La concesión a largo plazo bloqueada por el impacto urbano

El equipo de gobierno analiza una concesión a largo plazo como vía para que el Racing invierta según sus necesidades. La fórmula permitiría al club explotar comercialmente el estadio y abordar reformas estructurales. Beatriz Pellón subrayó la complejidad de la operación. Afecta al entorno urbano, la movilidad y los servicios municipales. El consistorio teme desequilibrar la ciudad.

Para el Racing, la parálisis supone una losa financiera. Un recinto moderno incrementaría los ingresos por matchday y abriría la puerta a los naming rights. Un recinto modernizado en Segunda División puede suponer un incremento de los ingresos por matchday de entre un 15% y un 25%, según estimaciones de LaLiga. Con el proyecto congelado, el club debe ajustar su masa salarial al límite de LaLiga sin el colchón de nuevos ingresos recurrentes. La Regulación de Sostenibilidad Financiera no admite proyecciones sin contrato firmado.

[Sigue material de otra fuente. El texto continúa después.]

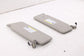 18-25 Volkswagen Atlas Front Right and Left Sun Visor Set w/ Illuminated Mirror - Alshned Auto Parts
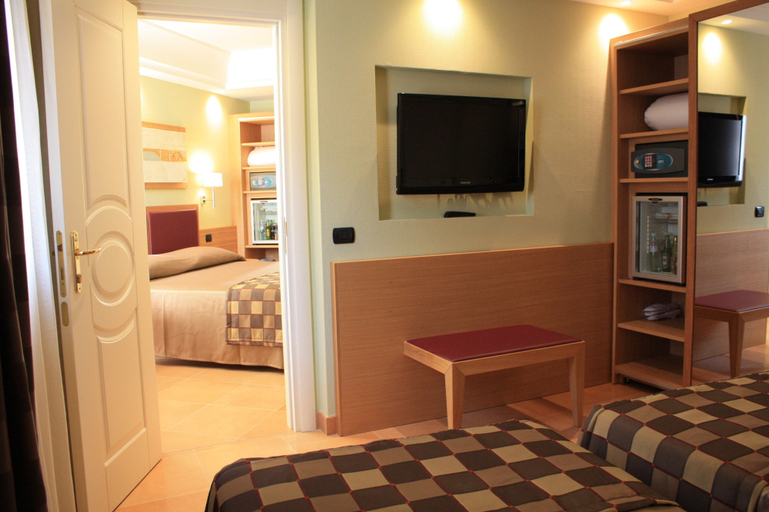 Bedroom 4, Artemis Hotel, Palermo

La concesión administrativa permitiría al club ejecutar las obras y explotar el estadio durante un periodo largo. El modelo se ha aplicado en otros clubes con resultado dispar. El Ayuntamiento de Santander teme perder el control urbanístico de una zona sensible. La movilidad, el estacionamiento y los servicios públicos complican el equilibrio. La concejala no detalló plazos para la próxima reunión de la comisión.

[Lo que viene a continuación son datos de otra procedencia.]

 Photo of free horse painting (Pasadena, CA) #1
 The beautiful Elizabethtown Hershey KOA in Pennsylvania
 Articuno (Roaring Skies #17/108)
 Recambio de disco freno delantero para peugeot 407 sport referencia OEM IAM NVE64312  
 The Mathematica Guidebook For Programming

La cubierta, único avance tangible del convenio

Mientras el proyecto global sigue en estudio, el anexo al convenio avanza exclusivamente con las obras de la cubierta de El Sardinero. La comisión de seguimiento se reunirá en las próximas semanas para fijar los pasos siguientes una vez concluya este acuerdo entre el Ayuntamiento y el club. Las mejoras en la techumbre no modifican la capacidad ni generan nuevas líneas de negocio.

La falta de definición jurídica sobre la concesión impide calcular la plusvalía del suelo ni el retorno de la inversión. El Racing compite en Segunda División con una estructura de ingresos limitada. La remodelación integral del estadio, valorada en estudios preliminares según diversas informaciones en más de 50 millones de euros, sigue sin financiación ni licitación. El Ayuntamiento no ha presentado ningún estudio de viabilidad.

La pelota sigue en el tejado del consistorio. La alcaldesa ya anunció en enero el estudio de la concesión. Tres meses después, el expediente no ha avanzado. El PRC exige plazos concretos. La respuesta municipal evita compromisos. El Racing aguarda sin capacidad de presión.

El Racing deberá navegar otra temporada con el estadio actual. La presión sobre el Ayuntamiento crece, pero la concesión sigue en fase embrionaria. Mientras no se desbloquee el estudio técnico-jurídico, el Nuevo Sardinero no pasará de ser una promesa electoral recurrente.